Por el contrario, a principios del siglo XX Nueva York tenía una de las normas contra el ruido más estrictas, aunque eso tampoco ayudó.
En algunas partes de la ciudad, se acosó a los vendedores ambulantes, los repartidores de periódicos, los patinadores o incluso a los que jugaban con latas como si fueran pelotas.

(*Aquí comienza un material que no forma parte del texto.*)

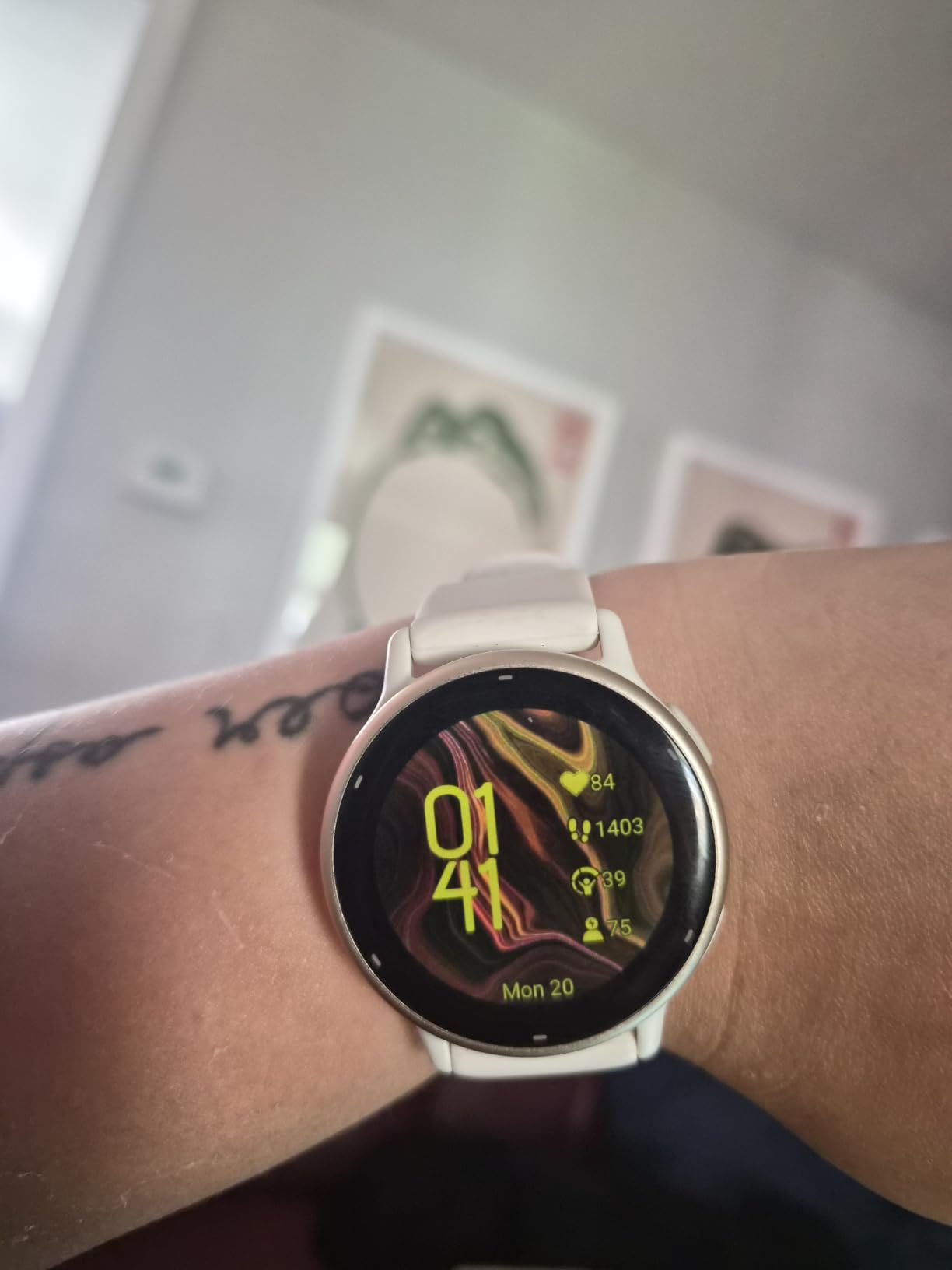 Garmin vívoactive® 5, Health & Fitness GPS Smartwatch, 42mm, Black customer photo 2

Al final, las calles se convirtieron en arterias de circulación para el tráfico veloz y dejaron de ser lugares para la interacción social.
Entonces el ruido incesante de los autos y los camiones empezó a encabezar las quejas de los habitantes de la ciudad. Pero sus voces no fueron escuchadas, ya que eran los pudientes los que habían llevado a cabo la campaña de silencio anterior.
Los prejuicios de clase nos han hecho a menudo atacar los objetivos equivocados.
La lección de la historia es que, cuando se trata de ruido, hay que tener ciudado con lo que se desea.
David Hendy es Profesor de la Universidad de Sussex, Reino Unido. Es historiador de la cultura, y se especializa en el estudio del rol de los sonidos, las imágenes y la comunicación en las culturas humanas.